_TASK INSTRUCTIONS_
Use the entries below and reproduce exactly the lines from the one containing "Vintage White Knitted" down to the one containing "Siyah ve beyaz", both of them included.

_SOURCE DATA_
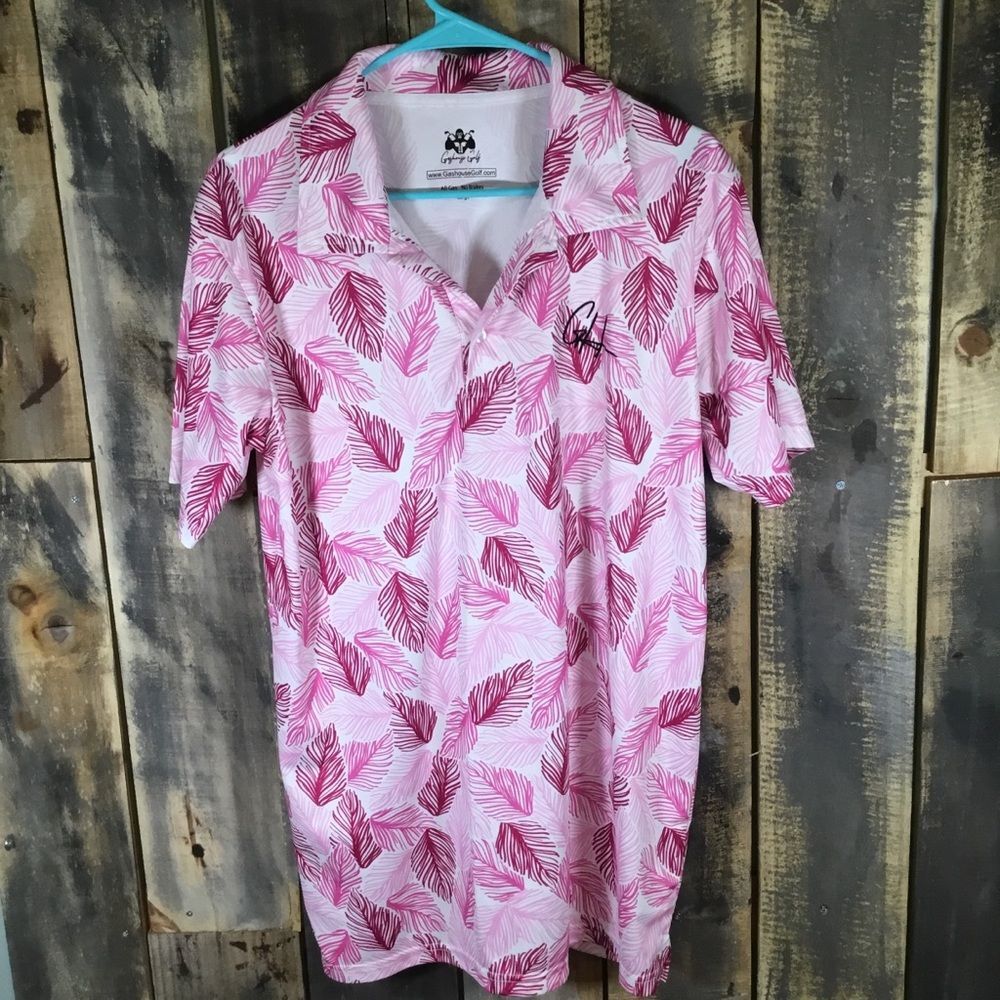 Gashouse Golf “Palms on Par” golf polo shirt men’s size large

* * *

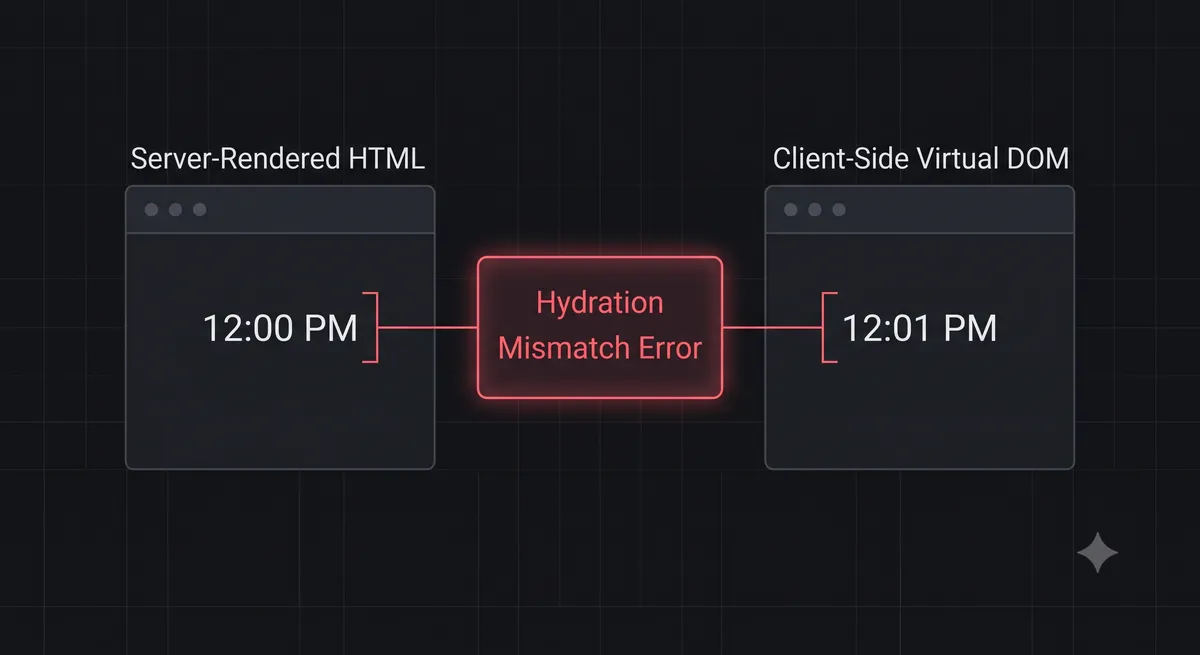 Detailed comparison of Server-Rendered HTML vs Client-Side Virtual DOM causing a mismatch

---

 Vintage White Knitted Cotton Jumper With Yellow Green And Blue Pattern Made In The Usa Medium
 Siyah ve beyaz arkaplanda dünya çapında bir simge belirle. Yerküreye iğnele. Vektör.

_YOUR SOLUTION_
 Vintage White Knitted Cotton Jumper With Yellow Green And Blue Pattern Made In The Usa Medium
 Siyah ve beyaz arkaplanda dünya çapında bir simge belirle. Yerküreye iğnele. Vektör.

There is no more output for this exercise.